CM: We continued the same writing process as used on “Skullgrid,” where each song is written on paper by a single band member and subsequently memorized and rehearsed. I wrote 3 songs on the new album, and Weasel, our new drummer, wrote two. the 2nd to last song is a studio collage of sorts written by your mom*. Mike has had a number of pieces in the works for some time, so most likely our next album will feature a lot more of his writing.
Our old drummer and I butted heads constantly about many aspects of the performance and mix and master on “Skullgrid.” He wanted slick, sound-replaced, dry, edited, and perfected performances, whereas I prefer straight takes (complete with minor imperfections) and bands that record as live as possible, with minimal punching and editing. I also prefer a more organic, realistic sound: roomy drums and un-triggered snare and toms. Weasel and I differ on aspects of sound and production too, but we share a general recording aesthetic: the band should, um, sound like a fucking BAND, not a computer. So recording with Weasel was a pleasure. The two of us recording live to 2″ tape and then Mike overdubbed all his parts in the computer–a far cry from punching in almost every bar of drums and then fucking around with the the placement of each hit. We doubled most of the guitar and “melody” side of the Warr guitar and added some extra minimal ear candy. The whole recording and mix only took a few days, but considering we practiced for 2 solid years, it was hardly a short album-birthing.

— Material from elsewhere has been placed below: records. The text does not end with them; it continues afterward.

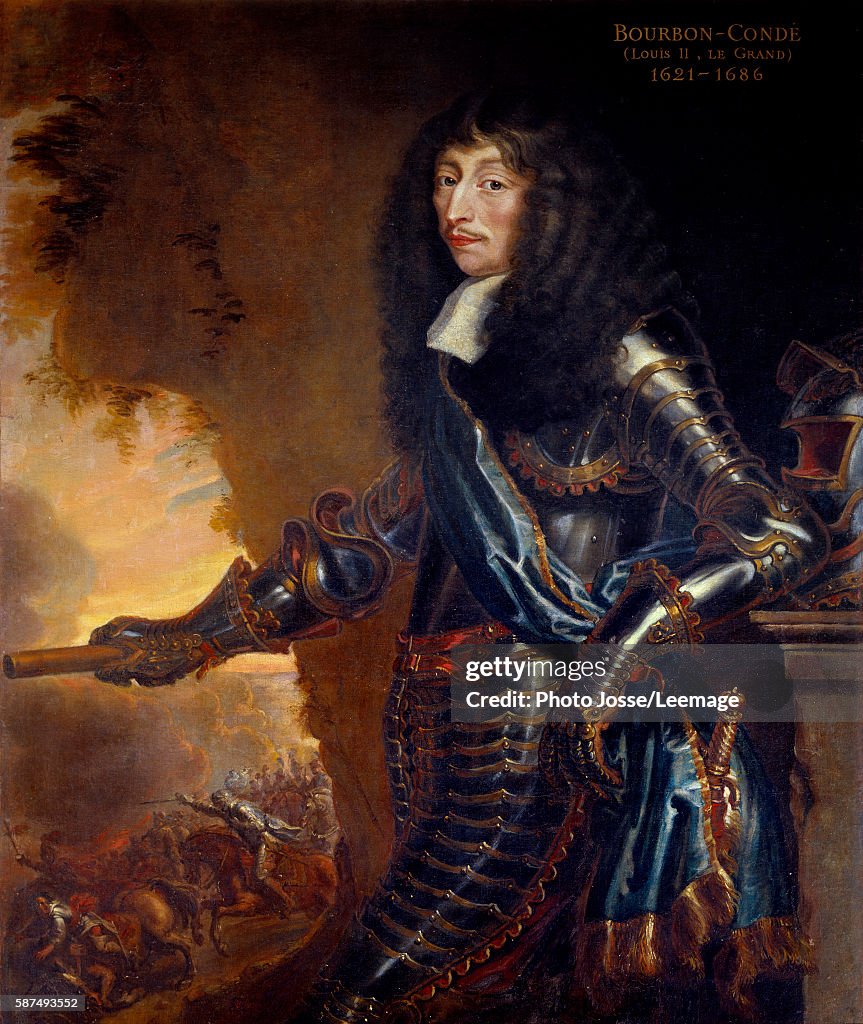 Fulllength portrait of the Grand Conde, Prince Louis II de Bourbon
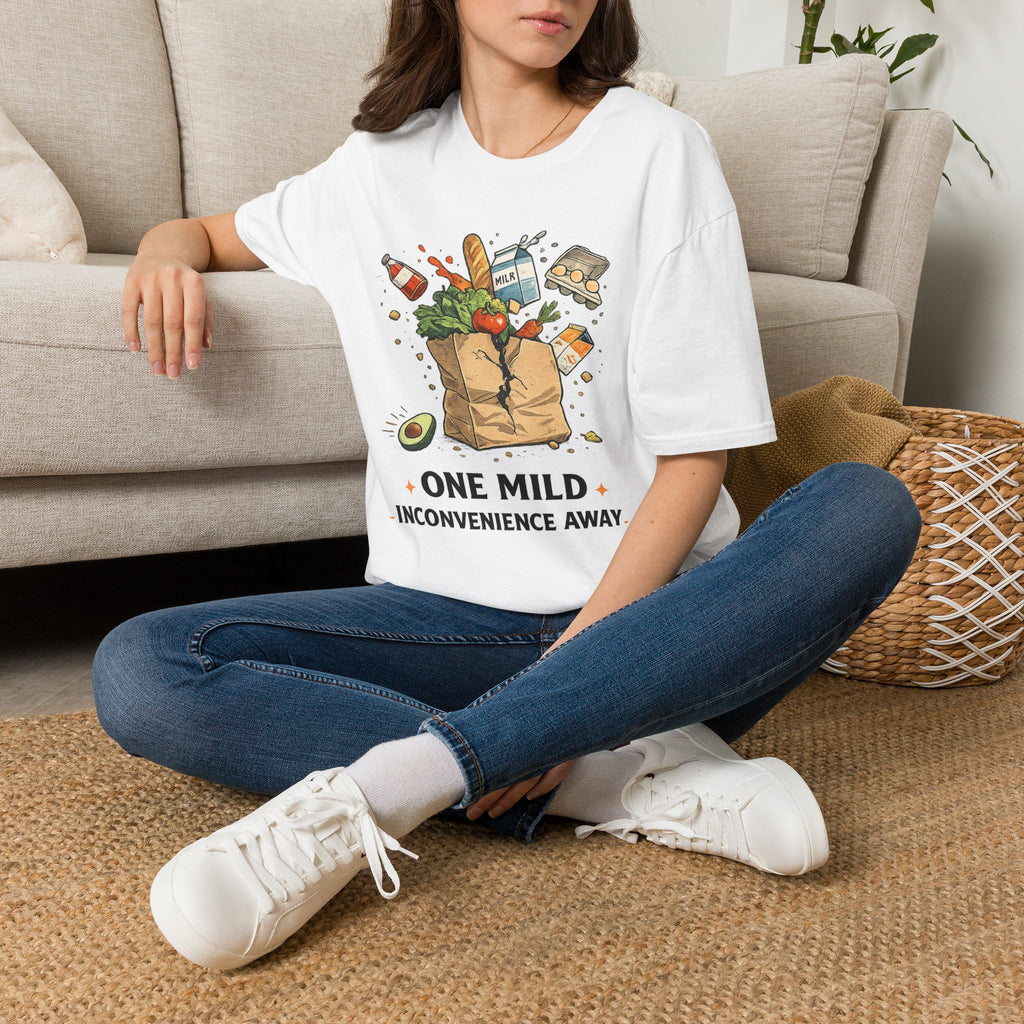 Exploding Grocery Bag T-Shirt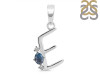 Labradorite & White Topaz Alphabet E Pendant LBD-RDA-5.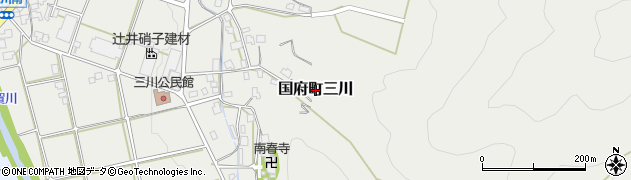 岐阜県高山市国府町三川周辺の地図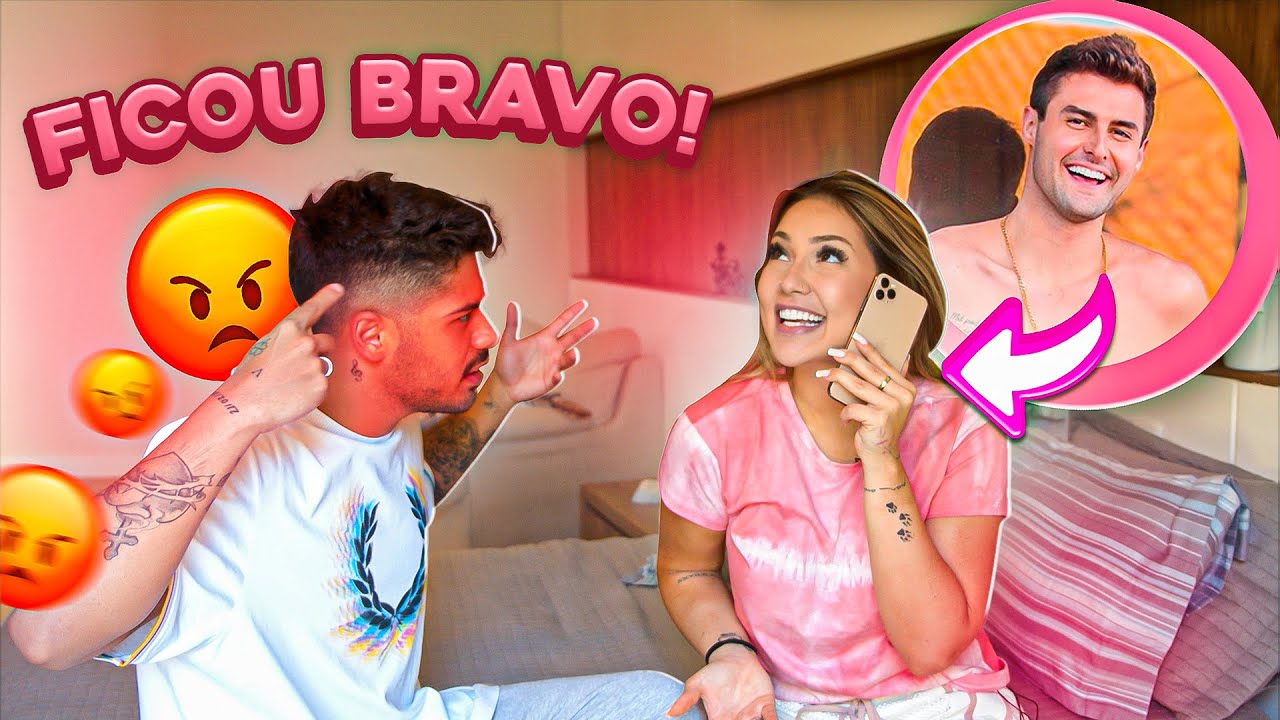 MEU EX ME LIGOU E MEU NAMORADO FICOU MUITO BRAVO!!!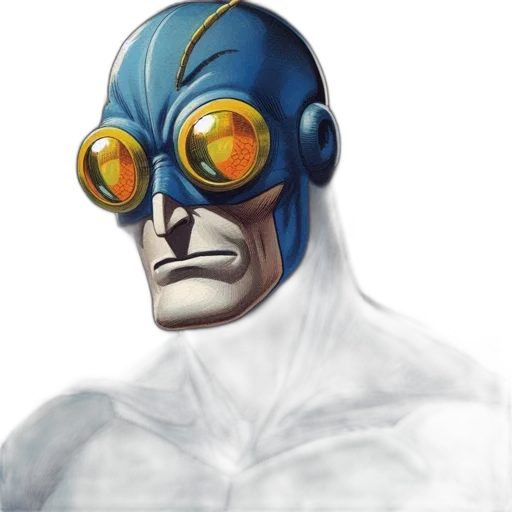 mask, robot, face, comic book art transparent PNG cut-out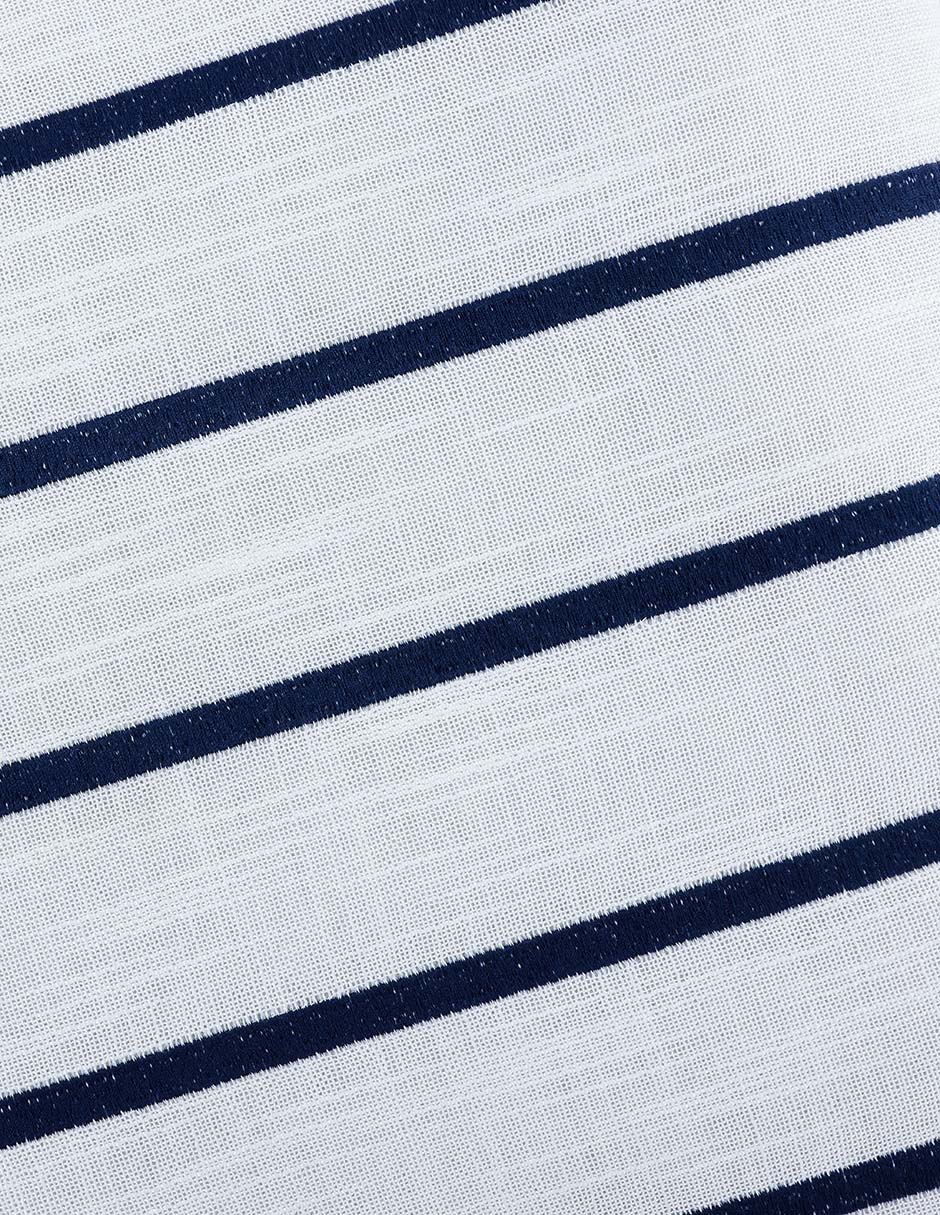 Cojín decorativo Nautica Wave Stripe Embroidery
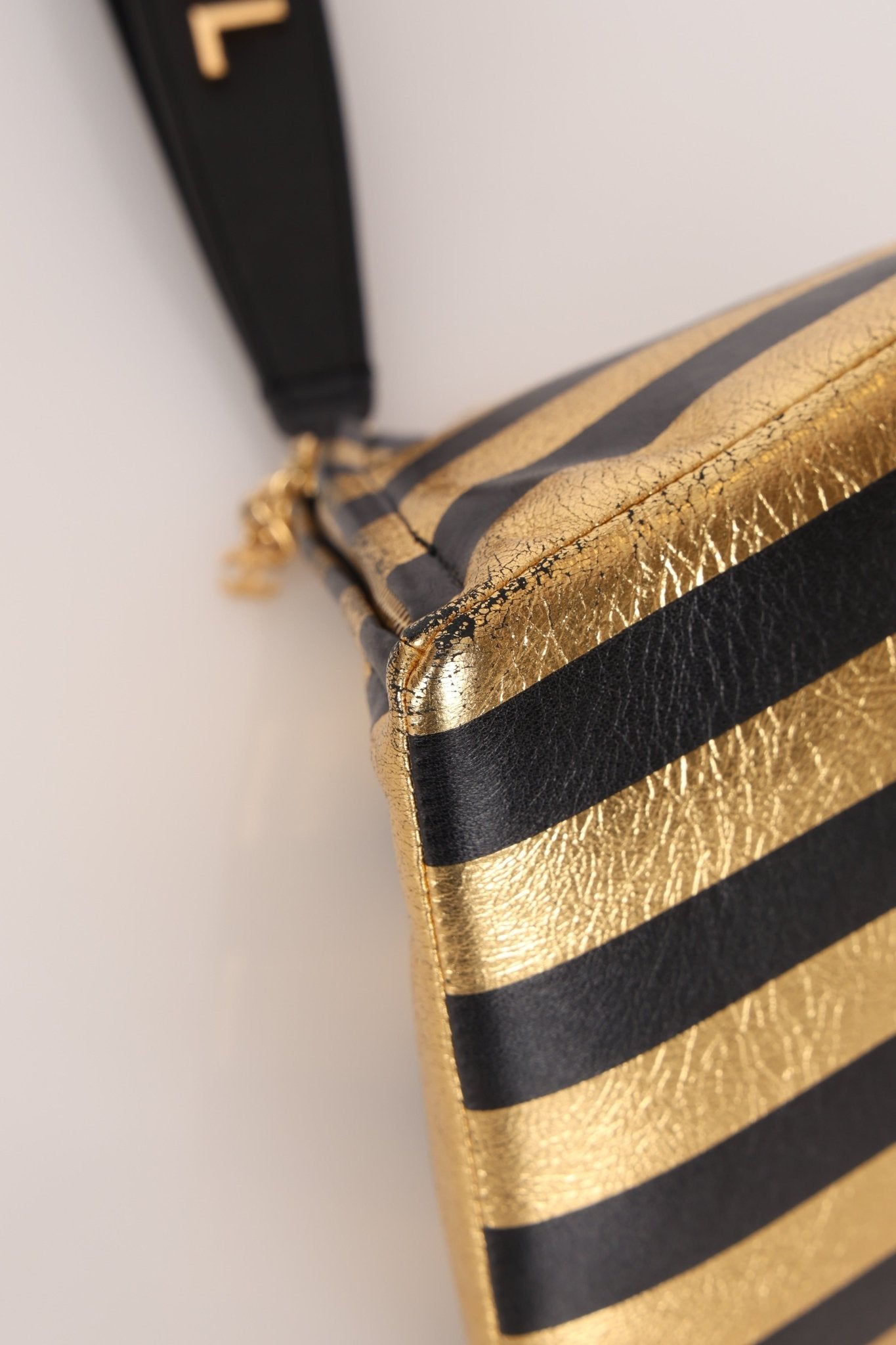 Limited Edition Chanel 2019 Metallic Lambskin Pyramid Kheops Pyramid Wristlet - FashioNica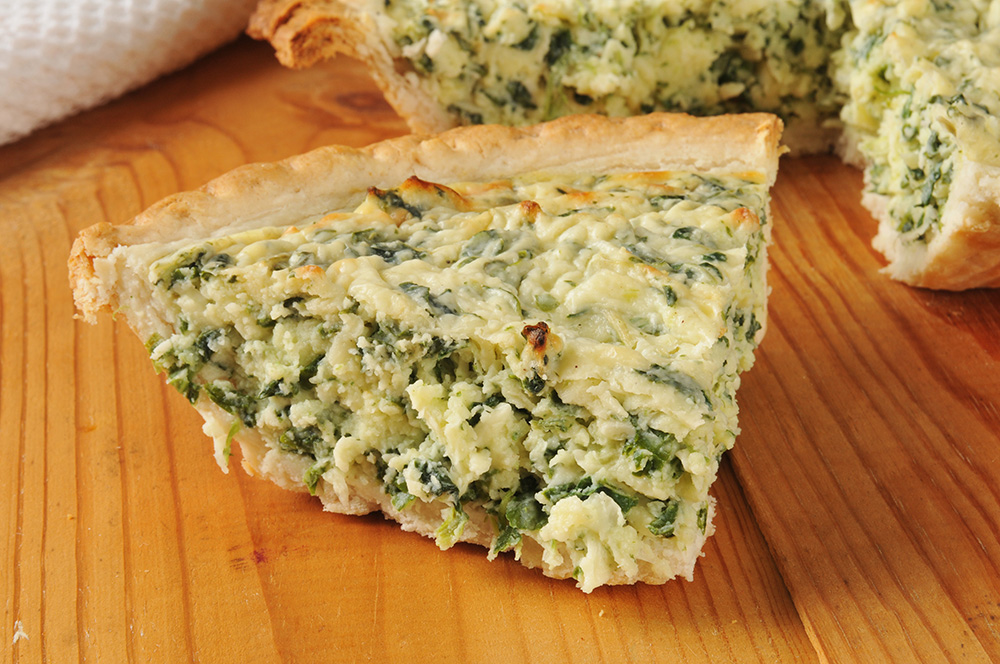 Empty the fridge - Quiche met spianzie en rijst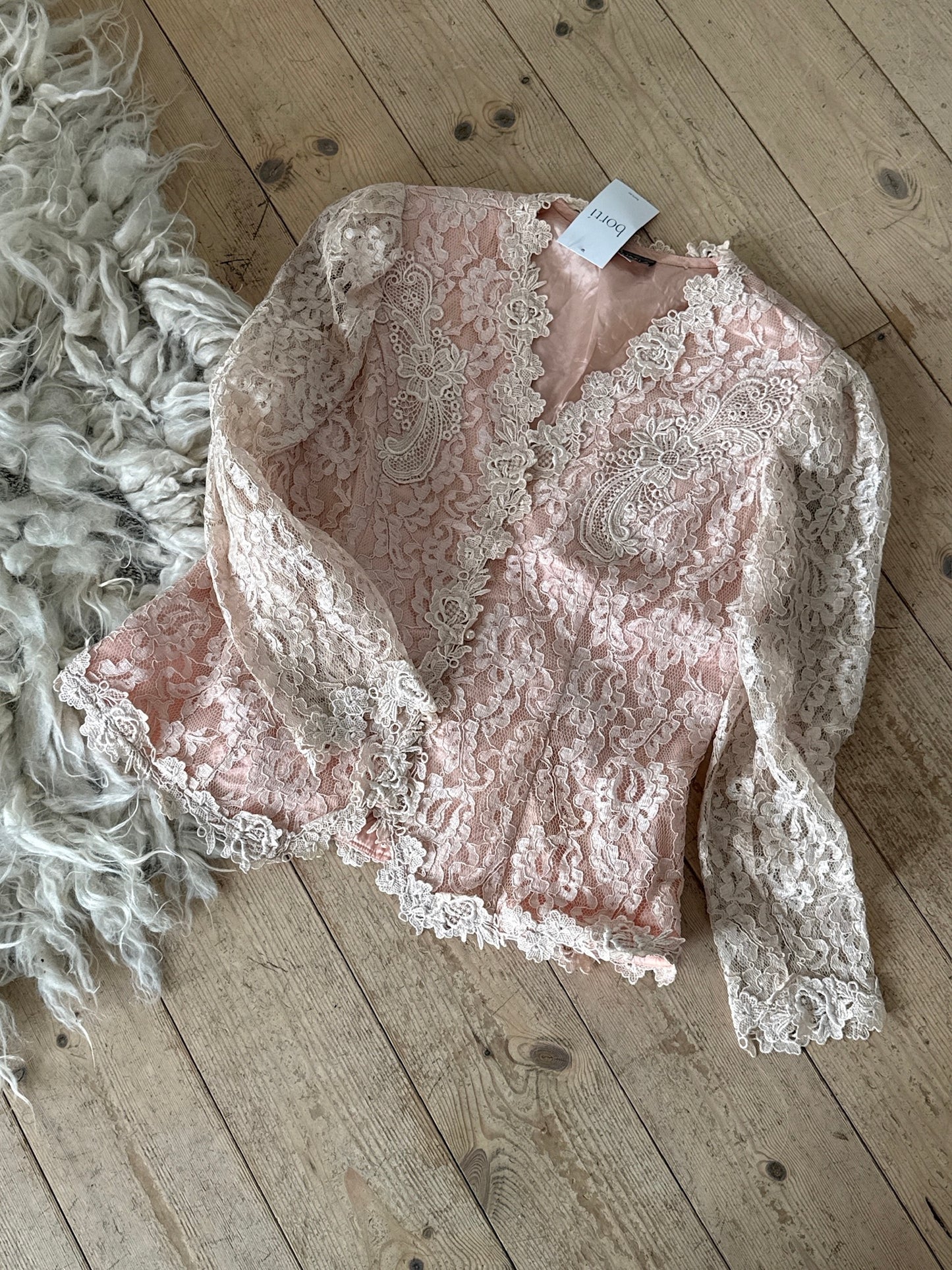 Jakke blonde lys rosa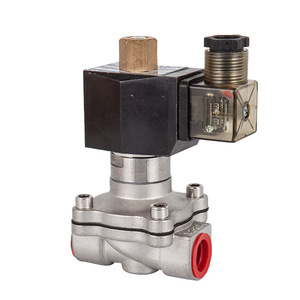 Válvulas Solenoides Neumáticas 2W-15BK Suministradas por el Fabricante, de Acero Inoxidable de 4 Puntos, de Dos Posiciones, Bidireccionales, Tipo Normalmente Abiertas - Product Image 1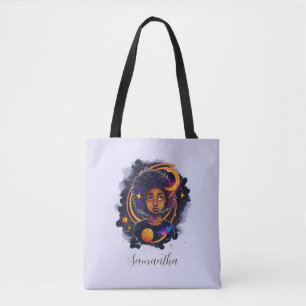 Bolsa Tote Sistema Solar Afro Mulher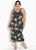 Vestido Feminino Midi Modelo Tubinho Estampado Plus Size - Imagem 1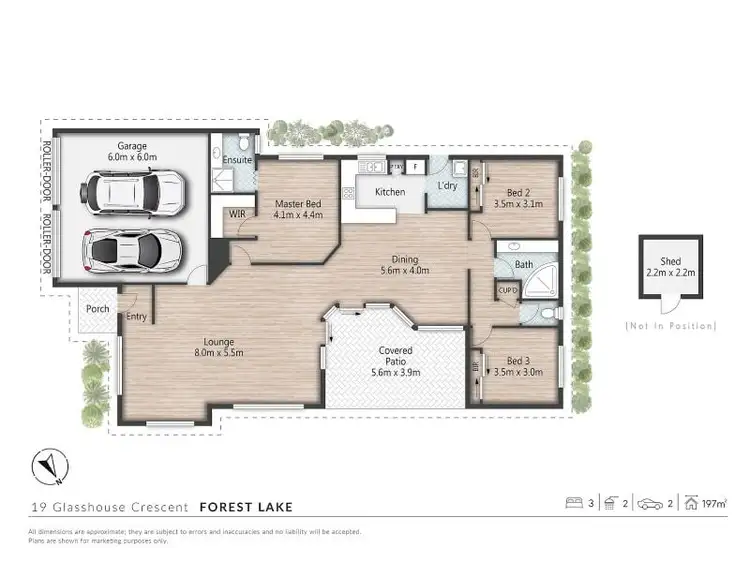 Floorplan of Homely house listing, 19 Glasshouse Crescent, Forest Lake QLD 4078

It may be just me but I notice a slight change in sound from Skullgrid to Horrorscension. The songs on Horrorscension seem a lot a heavier and a little less spastic than Skullgrid. What brought about this change in sound?
CM: I think we sound more aggressive with Weasel on drums, so that might account for some of the heaviness… and side 1 of the new album is also probably the most concentrated stretch of dissonance we’ve written so far. As the years go on I definitely get a little less afraid of writing “boring” music, which may account for some of the band’s older material being more spastic; I’m more willing to roll with a musical idea for longer now.
You recruited Weasel Walter of The Flying Luttenbachers fame for drum duties this time around. How did you get acquainted with him and what do think he brings to the table?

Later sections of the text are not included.